I rewound a film canister too far and there's no longer a leader sticking out of opening.  It had 10 exposures.  I was taking it out to test something on the camera and was going to put it back in and fire 10 exposures with the lens cap on.

If I'm SOL'd, it's no huge deal as it was expired B&W film anyway, but it would be nice if I could still use the rest of the exposures.  How can I avoid doing this in the future?


----------



## compur (Dec 18, 2008)

See:
Arista Metal Film Retriever | Freestyle Photographic Supplies


----------



## Battou (Dec 18, 2008)

to avoid doing it in the future, hold the camera up to your ear and listen as you rewind. Listen for the film leader to come off the takeup spool. I've rewound an FM and I can tell you won't need to hold it close too many times, just until you can recognize the sound it makes as it comes off, The film makes plenty of noise in the FM .


----------



## christopher walrath (Dec 18, 2008)

The sound and also the slack in tension.  It's generally easy to pick up on.


----------



## Jeff Canes (Dec 19, 2008)

compur said:


> See:
> Arista Metal Film Retriever | Freestyle Photographic Supplies


 
does that work easier that is one that i have
Arista Deluxe Film Retriever | Freestyle Photographic Supplies

sometime it takes three or four tries to pull the film out


----------



## christopher walrath (Dec 19, 2008)

Also you didn't mention the camera you use.  Newer cameras have rewind modes.  You can set to the mode that will leave the leader out automatically for just this purpose.


----------



## Battou (Dec 20, 2008)

christopher walrath said:


> Also you didn't mention the camera you use.  Newer cameras have rewind modes.  You can set to the mode that will leave the leader out automatically for just this purpose.



Well the N8008 he has might but I am fairly sure I saw something in another thread he posted in stating he was using the FM a lot of late so I am assuming this occured with the FM.


----------



## Flash Harry (Dec 21, 2008)

Just buy a film retriever, they used to be £5 over here when I bought mine err 10 years back.

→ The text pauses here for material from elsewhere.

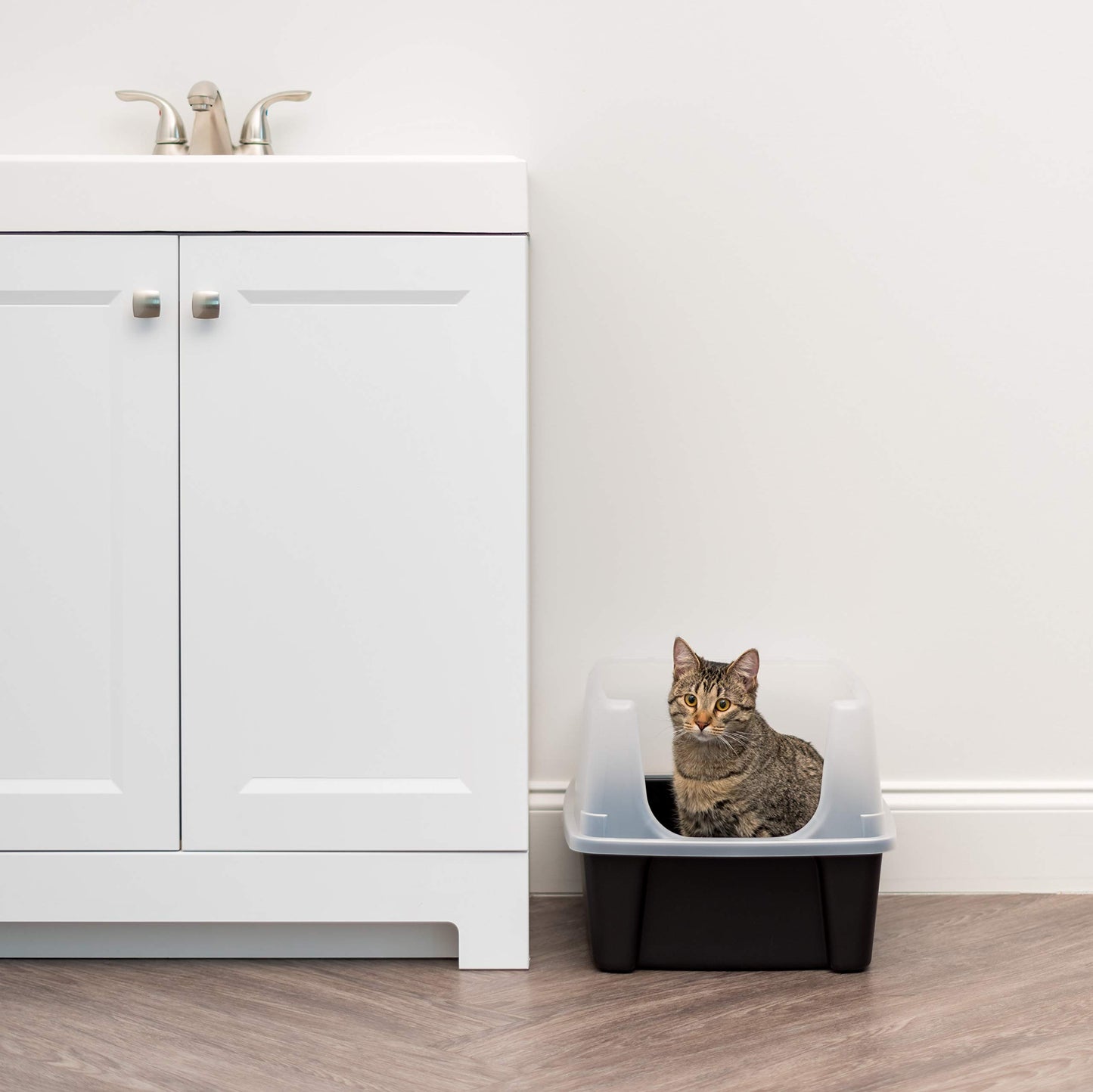 IRIS USA Caja de Arena para Gatos Grande con Escudo Anti-Salpicaduras y Paleta, Pan de Arena para Gatos de Bordes Altos y Abierto en la Parte Superior, Negro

H


----------



## Sw1tchFX (Dec 21, 2008)

Don't buy anything, go to any one hour place and ask them to pull the leader out. They'll do ti for free.


----------



## epp_b (Dec 29, 2008)

I found an ingenious and (nearly) free solution here:
How to use a film retriever - Photo.net B&W Photo - Film & Processing Forum

The post-it notes worked like a charm!


----------